I agree completely with skyliner. These wheels are awsome for the price. I run mine with Conti 4000 25s great smooth combo for my Cervelo S2


----------



## Tommy Walker (Aug 14, 2009)

pagey said:


> I agree completely with skyliner. These wheels are awsome for the price. I run mine with Conti 4000 25s great smooth combo for my Cervelo S2


+1 except I have a Cervelo RS.


----------



## Weav (Jun 21, 2009)

This is an Ultegra series wheel, Ultegra Hubs with the same rim as the Dura Ace C24. A fantastic wheel no doubt. 

Just so you know, I picked up a set of the Dura Ace 7850 SL over the summer at Chain Reaction Cycles for the same price as these. They have your wheelset at $460 shipped to your door. They are in Northern Ireland, if you don't mind buying overseas you can save some coin. http://www.chainreactioncycles.com/Models.aspx?ModelID=38244

I called Shimano USA before purchasing to see if the warranty would still be honored if I bought them in Europe, they said yes.


----------



## Brushout (Aug 21, 2010)

*Thank you*

Thank you to everyone.
I am getting these. I was able to test ride a pair of Dura Ace WH-7850-C24-CL and they were awesome. The best wheels I have ridden to date. If the RS80s even come close to the Dura Ace I will be very happy.

By the way, Jon beat me up the Clearwater bridge.


----------



## skyliner1004 (May 9, 2010)

yes, they will be close, you probably wont even notice the difference in a blind test.

take some pics of them and your bike when u get them!


----------



## mikesjo (May 27, 2010)

I have these on my Cervelo S1 with Michelin Pro 3 tires. Way better than the stock R500s and they look nice too . I also purchased them from Chain Reaction


----------



## a4blur (Feb 27, 2005)

I love these wheels and use them primarily for training. I have over 2K of miles on them and they're still true and in great shape.


----------



## Hank Stamper (Sep 9, 2009)

Brushout said:


> Thank you to everyone.
> I am getting these. I was able to test ride a pair of Dura Ace WH-7850-C24-CL and they were awesome. The best wheels I have ridden to date. * If the RS80s even come close to the Dura Ace I will be very happy.*
> By the way, Jon beat me up the Clearwater bridge.

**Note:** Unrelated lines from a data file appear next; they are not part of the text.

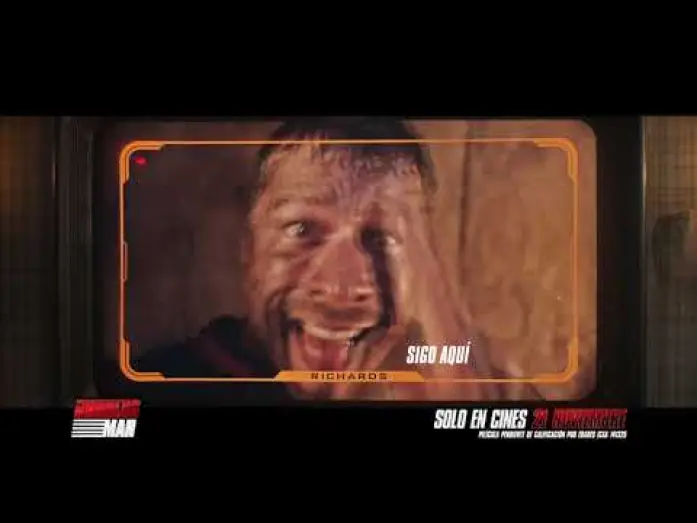 Відео до фільму Людина, що біжить | &iquest;Hasta d&oacute;nde llegar&iacute;as por mil millones de d&oacute;lares?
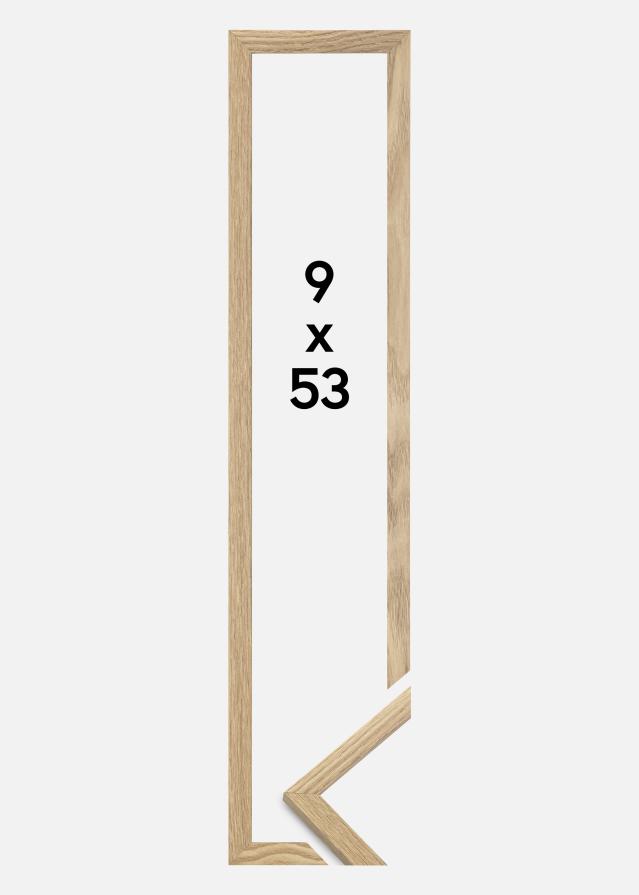 Raam Trendy Akruulklaas tamm 9x53 cm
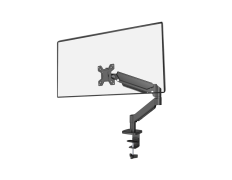 SOPORTE MONITOR ARTICULABLE 32'' NEGRO MARM PRO 1 MARS GAMING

Probably closer than close. I have a set of DA hubs and a set of Ultegra hubs and can not tell the difference once I'm on the bike. If you look at the DA hubs it's no mystery why they cost more and will probably last longer but as far as feel and performance goes they are the same to me.
I think you made a good choice. RS10's kinda blow but other than that shimano wheels, especially these, are great for the coin.


----------



## RUV (Aug 13, 2009)

I really wish some of these higher end shimano wheels came in >16/20.


----------



## intence (May 23, 2010)

IMO I believe that these are some of the most underrated wheels out there. Nearly identical to the pricier Dura Ace version but with Ultegra hubs and a much lower price.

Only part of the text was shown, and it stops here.